[Web page caption snippets]
====================

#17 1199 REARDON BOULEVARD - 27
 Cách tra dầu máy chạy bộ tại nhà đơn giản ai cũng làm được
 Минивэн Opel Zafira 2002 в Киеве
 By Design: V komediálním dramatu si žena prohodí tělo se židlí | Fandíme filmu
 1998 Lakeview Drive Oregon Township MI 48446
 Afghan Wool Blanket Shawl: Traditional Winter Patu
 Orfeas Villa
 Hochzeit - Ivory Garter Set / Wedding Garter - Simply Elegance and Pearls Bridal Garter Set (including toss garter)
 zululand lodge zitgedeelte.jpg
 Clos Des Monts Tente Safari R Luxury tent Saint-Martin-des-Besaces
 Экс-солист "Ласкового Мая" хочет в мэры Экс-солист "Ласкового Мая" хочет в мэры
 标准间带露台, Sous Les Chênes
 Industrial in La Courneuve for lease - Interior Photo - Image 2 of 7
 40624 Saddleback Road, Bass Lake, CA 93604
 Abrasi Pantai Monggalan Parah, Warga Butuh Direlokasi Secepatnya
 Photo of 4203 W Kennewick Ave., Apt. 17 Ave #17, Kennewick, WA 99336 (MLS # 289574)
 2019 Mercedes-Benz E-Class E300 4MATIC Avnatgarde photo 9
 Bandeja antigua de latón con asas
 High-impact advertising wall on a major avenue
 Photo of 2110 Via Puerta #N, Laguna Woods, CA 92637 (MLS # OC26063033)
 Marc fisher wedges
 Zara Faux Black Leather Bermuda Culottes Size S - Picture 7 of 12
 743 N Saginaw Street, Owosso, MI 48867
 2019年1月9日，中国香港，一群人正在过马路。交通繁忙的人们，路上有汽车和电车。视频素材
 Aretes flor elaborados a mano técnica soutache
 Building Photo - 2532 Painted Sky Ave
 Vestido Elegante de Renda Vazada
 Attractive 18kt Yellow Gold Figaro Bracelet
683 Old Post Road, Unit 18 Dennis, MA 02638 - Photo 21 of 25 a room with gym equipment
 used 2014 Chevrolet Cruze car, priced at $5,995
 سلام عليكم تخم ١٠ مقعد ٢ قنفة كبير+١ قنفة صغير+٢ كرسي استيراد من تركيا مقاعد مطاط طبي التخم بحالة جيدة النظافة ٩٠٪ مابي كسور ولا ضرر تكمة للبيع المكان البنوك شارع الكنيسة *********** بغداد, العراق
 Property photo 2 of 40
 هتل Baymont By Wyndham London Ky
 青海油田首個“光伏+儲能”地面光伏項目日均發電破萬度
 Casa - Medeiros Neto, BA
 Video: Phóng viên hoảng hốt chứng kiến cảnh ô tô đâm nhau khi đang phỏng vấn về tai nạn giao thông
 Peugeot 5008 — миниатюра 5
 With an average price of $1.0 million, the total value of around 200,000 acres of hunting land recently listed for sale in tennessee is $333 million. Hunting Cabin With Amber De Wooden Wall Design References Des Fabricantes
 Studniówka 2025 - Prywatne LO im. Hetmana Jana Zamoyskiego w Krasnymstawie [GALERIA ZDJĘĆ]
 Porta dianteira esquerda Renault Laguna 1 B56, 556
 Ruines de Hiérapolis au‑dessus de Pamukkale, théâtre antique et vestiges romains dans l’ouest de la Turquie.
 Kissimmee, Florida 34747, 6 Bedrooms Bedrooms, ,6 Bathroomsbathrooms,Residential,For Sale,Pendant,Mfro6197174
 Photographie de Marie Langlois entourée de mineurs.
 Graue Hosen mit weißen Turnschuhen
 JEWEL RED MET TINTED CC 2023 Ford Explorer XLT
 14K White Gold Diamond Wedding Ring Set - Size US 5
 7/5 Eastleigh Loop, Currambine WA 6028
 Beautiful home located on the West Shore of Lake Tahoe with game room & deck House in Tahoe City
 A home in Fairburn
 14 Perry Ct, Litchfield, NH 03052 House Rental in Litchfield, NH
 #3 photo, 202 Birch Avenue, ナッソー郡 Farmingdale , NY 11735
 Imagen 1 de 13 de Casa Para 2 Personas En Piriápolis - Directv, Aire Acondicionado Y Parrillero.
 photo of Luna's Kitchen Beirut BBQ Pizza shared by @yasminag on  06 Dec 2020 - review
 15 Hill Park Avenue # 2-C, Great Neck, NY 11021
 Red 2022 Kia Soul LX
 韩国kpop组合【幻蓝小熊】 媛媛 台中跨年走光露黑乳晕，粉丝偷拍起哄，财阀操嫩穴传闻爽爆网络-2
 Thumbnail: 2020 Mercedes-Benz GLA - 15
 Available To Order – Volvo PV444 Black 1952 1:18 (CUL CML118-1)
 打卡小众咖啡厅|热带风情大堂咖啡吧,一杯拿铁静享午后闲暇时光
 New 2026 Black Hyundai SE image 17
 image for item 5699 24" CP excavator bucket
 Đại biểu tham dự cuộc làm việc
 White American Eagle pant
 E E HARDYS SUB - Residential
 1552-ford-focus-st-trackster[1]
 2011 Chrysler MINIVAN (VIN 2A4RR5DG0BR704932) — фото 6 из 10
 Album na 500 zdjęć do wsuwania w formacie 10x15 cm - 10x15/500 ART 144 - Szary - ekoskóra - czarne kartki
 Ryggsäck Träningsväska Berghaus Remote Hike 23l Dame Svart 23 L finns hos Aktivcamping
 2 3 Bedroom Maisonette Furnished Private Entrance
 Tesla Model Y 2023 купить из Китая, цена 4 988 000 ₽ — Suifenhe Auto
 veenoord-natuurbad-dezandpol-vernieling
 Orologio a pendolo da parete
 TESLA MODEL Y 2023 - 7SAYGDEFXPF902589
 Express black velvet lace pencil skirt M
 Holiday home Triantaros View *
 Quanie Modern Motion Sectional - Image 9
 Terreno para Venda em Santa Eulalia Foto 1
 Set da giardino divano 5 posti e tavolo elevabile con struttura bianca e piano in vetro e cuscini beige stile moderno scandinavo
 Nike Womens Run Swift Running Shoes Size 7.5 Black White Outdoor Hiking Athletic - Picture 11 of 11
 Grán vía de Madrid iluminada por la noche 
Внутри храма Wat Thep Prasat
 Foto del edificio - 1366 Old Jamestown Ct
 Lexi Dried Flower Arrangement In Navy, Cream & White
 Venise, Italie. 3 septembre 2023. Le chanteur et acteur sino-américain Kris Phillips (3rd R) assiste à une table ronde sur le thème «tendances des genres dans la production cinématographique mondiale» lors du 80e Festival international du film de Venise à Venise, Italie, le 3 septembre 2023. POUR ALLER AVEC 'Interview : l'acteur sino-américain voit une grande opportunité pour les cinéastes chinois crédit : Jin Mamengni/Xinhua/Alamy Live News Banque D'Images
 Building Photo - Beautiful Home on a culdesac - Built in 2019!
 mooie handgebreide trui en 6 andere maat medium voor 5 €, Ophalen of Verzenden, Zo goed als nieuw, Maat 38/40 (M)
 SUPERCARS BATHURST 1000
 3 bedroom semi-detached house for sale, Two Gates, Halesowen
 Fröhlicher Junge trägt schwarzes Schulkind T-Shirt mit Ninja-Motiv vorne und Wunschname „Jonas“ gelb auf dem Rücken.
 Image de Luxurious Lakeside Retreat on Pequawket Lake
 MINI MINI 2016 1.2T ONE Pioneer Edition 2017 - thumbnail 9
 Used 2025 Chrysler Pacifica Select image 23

====================

## WORK TO BE COMPLETED
Could you copy out every record above exactly as it appears?

## ANSWER SPACE
#17 1199 REARDON BOULEVARD - 27
 Cách tra dầu máy chạy bộ tại nhà đơn giản ai cũng làm được
 Минивэн Opel Zafira 2002 в Киеве
 By Design: V komediálním dramatu si žena prohodí tělo se židlí | Fandíme filmu
 1998 Lakeview Drive Oregon Township MI 48446
 Afghan Wool Blanket Shawl: Traditional Winter Patu
 Orfeas Villa
 Hochzeit - Ivory Garter Set / Wedding Garter - Simply Elegance and Pearls Bridal Garter Set (including toss garter)
 zululand lodge zitgedeelte.jpg
 Clos Des Monts Tente Safari R Luxury tent Saint-Martin-des-Besaces
 Экс-солист "Ласкового Мая" хочет в мэры Экс-солист "Ласкового Мая" хочет в мэры
 标准间带露台, Sous Les Chênes
 Industrial in La Courneuve for lease - Interior Photo - Image 2 of 7
 40624 Saddleback Road, Bass Lake, CA 93604
 Abrasi Pantai Monggalan Parah, Warga Butuh Direlokasi Secepatnya
 Photo of 4203 W Kennewick Ave., Apt. 17 Ave #17, Kennewick, WA 99336 (MLS # 289574)
 2019 Mercedes-Benz E-Class E300 4MATIC Avnatgarde photo 9
 Bandeja antigua de latón con asas
 High-impact advertising wall on a major avenue
 Photo of 2110 Via Puerta #N, Laguna Woods, CA 92637 (MLS # OC26063033)
 Marc fisher wedges
 Zara Faux Black Leather Bermuda Culottes Size S - Picture 7 of 12
 743 N Saginaw Street, Owosso, MI 48867
 2019年1月9日，中国香港，一群人正在过马路。交通繁忙的人们，路上有汽车和电车。视频素材
 Aretes flor elaborados a mano técnica soutache
 Building Photo - 2532 Painted Sky Ave
 Vestido Elegante de Renda Vazada
 Attractive 18kt Yellow Gold Figaro Bracelet
683 Old Post Road, Unit 18 Dennis, MA 02638 - Photo 21 of 25 a room with gym equipment
 used 2014 Chevrolet Cruze car, priced at $5,995
 سلام عليكم تخم ١٠ مقعد ٢ قنفة كبير+١ قنفة صغير+٢ كرسي استيراد من تركيا مقاعد مطاط طبي التخم بحالة جيدة النظافة ٩٠٪ مابي كسور ولا ضرر تكمة للبيع المكان البنوك شارع الكنيسة *********** بغداد, العراق
 Property photo 2 of 40
 هتل Baymont By Wyndham London Ky
 青海油田首個“光伏+儲能”地面光伏項目日均發電破萬度
 Casa - Medeiros Neto, BA
 Video: Phóng viên hoảng hốt chứng kiến cảnh ô tô đâm nhau khi đang phỏng vấn về tai nạn giao thông
 Peugeot 5008 — миниатюра 5
 With an average price of $1.0 million, the total value of around 200,000 acres of hunting land recently listed for sale in tennessee is $333 million. Hunting Cabin With Amber De Wooden Wall Design References Des Fabricantes
 Studniówka 2025 - Prywatne LO im. Hetmana Jana Zamoyskiego w Krasnymstawie [GALERIA ZDJĘĆ]
 Porta dianteira esquerda Renault Laguna 1 B56, 556
 Ruines de Hiérapolis au‑dessus de Pamukkale, théâtre antique et vestiges romains dans l’ouest de la Turquie.
 Kissimmee, Florida 34747, 6 Bedrooms Bedrooms, ,6 Bathroomsbathrooms,Residential,For Sale,Pendant,Mfro6197174
 Photographie de Marie Langlois entourée de mineurs.
 Graue Hosen mit weißen Turnschuhen
 JEWEL RED MET TINTED CC 2023 Ford Explorer XLT
 14K White Gold Diamond Wedding Ring Set - Size US 5
 7/5 Eastleigh Loop, Currambine WA 6028
 Beautiful home located on the West Shore of Lake Tahoe with game room & deck House in Tahoe City
 A home in Fairburn
 14 Perry Ct, Litchfield, NH 03052 House Rental in Litchfield, NH
 #3 photo, 202 Birch Avenue, ナッソー郡 Farmingdale , NY 11735
 Imagen 1 de 13 de Casa Para 2 Personas En Piriápolis - Directv, Aire Acondicionado Y Parrillero.
 photo of Luna's Kitchen Beirut BBQ Pizza shared by @yasminag on  06 Dec 2020 - review
 15 Hill Park Avenue # 2-C, Great Neck, NY 11021
 Red 2022 Kia Soul LX
 韩国kpop组合【幻蓝小熊】 媛媛 台中跨年走光露黑乳晕，粉丝偷拍起哄，财阀操嫩穴传闻爽爆网络-2
 Thumbnail: 2020 Mercedes-Benz GLA - 15
 Available To Order – Volvo PV444 Black 1952 1:18 (CUL CML118-1)
 打卡小众咖啡厅|热带风情大堂咖啡吧,一杯拿铁静享午后闲暇时光
 New 2026 Black Hyundai SE image 17
 image for item 5699 24" CP excavator bucket
 Đại biểu tham dự cuộc làm việc
 White American Eagle pant
 E E HARDYS SUB - Residential
 1552-ford-focus-st-trackster[1]
 2011 Chrysler MINIVAN (VIN 2A4RR5DG0BR704932) — фото 6 из 10
 Album na 500 zdjęć do wsuwania w formacie 10x15 cm - 10x15/500 ART 144 - Szary - ekoskóra - czarne kartki
 Ryggsäck Träningsväska Berghaus Remote Hike 23l Dame Svart 23 L finns hos Aktivcamping
 2 3 Bedroom Maisonette Furnished Private Entrance
 Tesla Model Y 2023 купить из Китая, цена 4 988 000 ₽ — Suifenhe Auto
 veenoord-natuurbad-dezandpol-vernieling
 Orologio a pendolo da parete
 TESLA MODEL Y 2023 - 7SAYGDEFXPF902589
 Express black velvet lace pencil skirt M
 Holiday home Triantaros View *
 Quanie Modern Motion Sectional - Image 9
 Terreno para Venda em Santa Eulalia Foto 1
 Set da giardino divano 5 posti e tavolo elevabile con struttura bianca e piano in vetro e cuscini beige stile moderno scandinavo
 Nike Womens Run Swift Running Shoes Size 7.5 Black White Outdoor Hiking Athletic - Picture 11 of 11
 Grán vía de Madrid iluminada por la noche 
Внутри храма Wat Thep Prasat
 Foto del edificio - 1366 Old Jamestown Ct
 Lexi Dried Flower Arrangement In Navy, Cream & White
 Venise, Italie. 3 septembre 2023. Le chanteur et acteur sino-américain Kris Phillips (3rd R) assiste à une table ronde sur le thème «tendances des genres dans la production cinématographique mondiale» lors du 80e Festival international du film de Venise à Venise, Italie, le 3 septembre 2023. POUR ALLER AVEC 'Interview : l'acteur sino-américain voit une grande opportunité pour les cinéastes chinois crédit : Jin Mamengni/Xinhua/Alamy Live News Banque D'Images
 Building Photo - Beautiful Home on a culdesac - Built in 2019!
 mooie handgebreide trui en 6 andere maat medium voor 5 €, Ophalen of Verzenden, Zo goed als nieuw, Maat 38/40 (M)
 SUPERCARS BATHURST 1000
 3 bedroom semi-detached house for sale, Two Gates, Halesowen
 Fröhlicher Junge trägt schwarzes Schulkind T-Shirt mit Ninja-Motiv vorne und Wunschname „Jonas“ gelb auf dem Rücken.
 Image de Luxurious Lakeside Retreat on Pequawket Lake
 MINI MINI 2016 1.2T ONE Pioneer Edition 2017 - thumbnail 9
 Used 2025 Chrysler Pacifica Select image 23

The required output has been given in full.